As senior leaders in the company, you and your peers are probably pretty confident in handling most issues that come up in the workplace.
But the managers who are not well-versed in employment law will need to lean into HR’s expertise to avoid an expensive mistake — like this recent retaliation case.
Is Former Employee Eligible for Rehire?
In 2023, a former employee reapplied to work at Cinergy Entertainment Group, Inc., a Texas corporation operating movie theaters in several states.
According to the EEOC’s lawsuit, the former employee had worked as a bartender at one of the theater locations in 2022 when she became pregnant. After she informed her manager about her pregnancy, she was let go.
When the employee reapplied in 2023, a company vice president told her she was not eligible for rehire. Why not? Because she filed a discrimination charge with the EEOC after she got fired from the bartending position the previous year, the lawsuit alleged.
The former employee then filed a second complaint with the EEOC.
EEOC: Retaliation Violates Title VII
In the EEOC’s view, the alleged conduct violated Title VII, which protects individuals from workplace retaliation.

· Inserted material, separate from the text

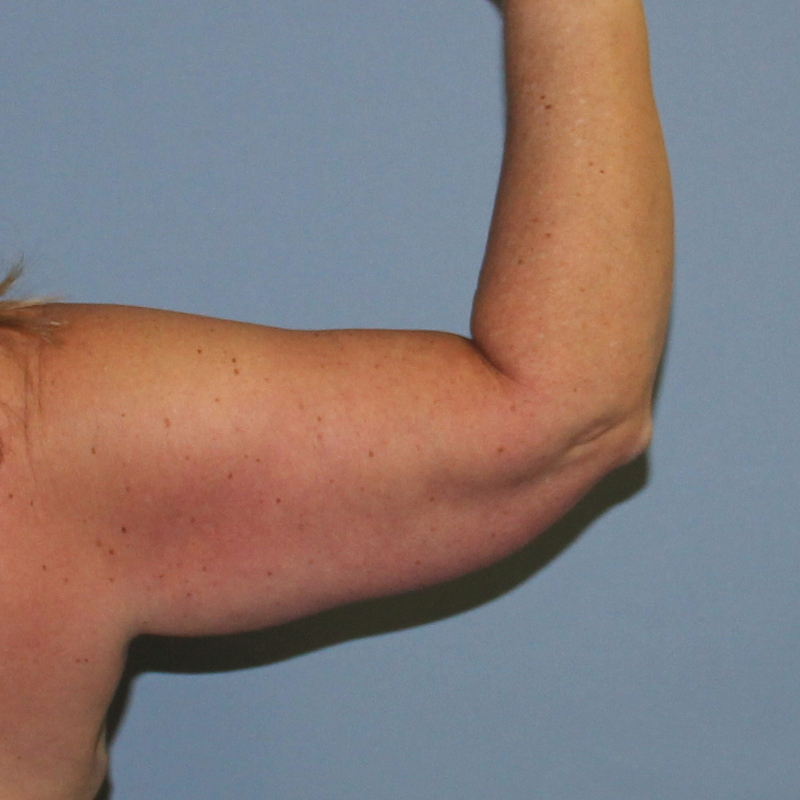 CoolSculpting - Case 1585 - After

The EEOC filed a lawsuit after unsuccessfully attempting to reach a pre-litigation settlement through the agency’s voluntary conciliation process.
“When an employer takes an adverse employment action against an employee because the employee exercised her right to file a charge of unlawful discrimination, it has a chilling effect. Other employees are then hesitant to come forward to report discrimination,” Melinda C. Dugas, regional attorney for the Charlotte District, said in a statement. “Resolving issues involving unlawful retaliation is a priority for the EEOC.”
EEOC Trial Attorney Nick Wolfmeyer said, “Employees should never suffer from reporting allegations of discrimination to a federal agency. The EEOC takes allegations of retaliation seriously, and we will step in to protect employees’ rights.”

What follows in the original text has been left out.